In 1914 the following railway lines existed:
- The Cape Cross line, 2 ft 6 in gauge; 13 mi long, built by George Gale, General Foreman in the Harbour Department at Durban using 10 kg per metre {18 lb per yard) rails
- The German State Railways, 3 ft 6 in gauge; 870 mi long
- The German State Railways, 2 ft gauge; 120 mi long
- The Otavi Railway, 2 ft 6 in gauge; 418 mi long
- The Walvis Bay Railway, 2 ft 6 in gauge; about 11 mi long
- Several other 2 ft gauge branch lines to mines at Khan, Kalkfeld and Outjo

The German colonial railway was taken over by the Railways of South Africa after World War I, and linked into the network of South Africa. After the independence of Namibia, TransNamib took control of the national rail network that operates on .

===African Rail Conference===
Plans to integrate the railways of Africa to facilitate trade were discussed at the Africa Rail conference in Johannesburg, South Africa in August 2002. The move forms part of the New Partnership for Africa's Development (NEPAD), a programme aimed at economic renaissance.

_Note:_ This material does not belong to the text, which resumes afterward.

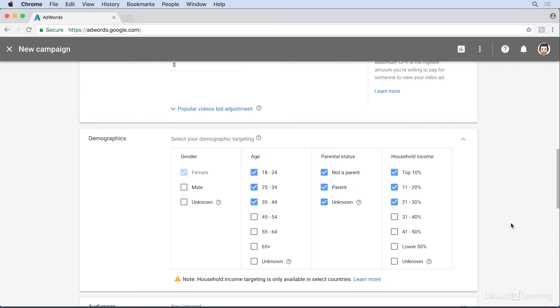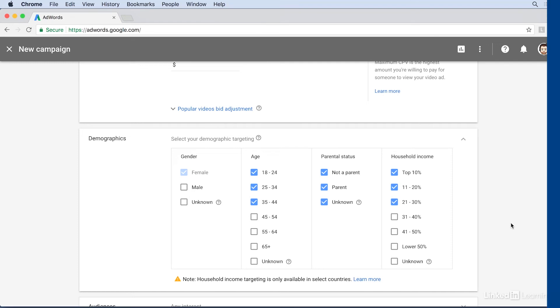When we couple these targeting options with others available in AdWords, such as targeting by a specific country and using keywords to help narrow our targeting, we can increase the chances that we reach a specific audience that will be more likely to buy our product or service.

The railways were built by former colonial powers, but were not built to advance African interests. Plans were put into place to link the three parallel east-west lines in Angola and to connect the Angolan network to that of Namibia and hence to South Africa.

The strategic positioning of Maputo rail and port infrastructure indicated that the network should be promoted as the primary corridor serving Zimbabwe, Zambia, Democratic Republic of Congo, Eswatini, and South Africa's Mpumalanga province.

South Africa's transport minister, Abdulah Omar, said Africa needed to integrate its railway systems to form an internationally-competitive network. Experts said this could involve leasing locomotives and wagons, becoming involved as concessionaires and consultants, and participating in joint ventures.

==Current Railway Lines==

Namibia's national rail network operates on .
===Windhoek-Kranzberg===
The railway line from Windhoek to Kranzberg is 210 km long and was completed in 1902.
- Windhoek - capital - junction
- Okahandja
- Karibib - proposed cement works
- Kranzberg - junction Tsumeb v Windhoek.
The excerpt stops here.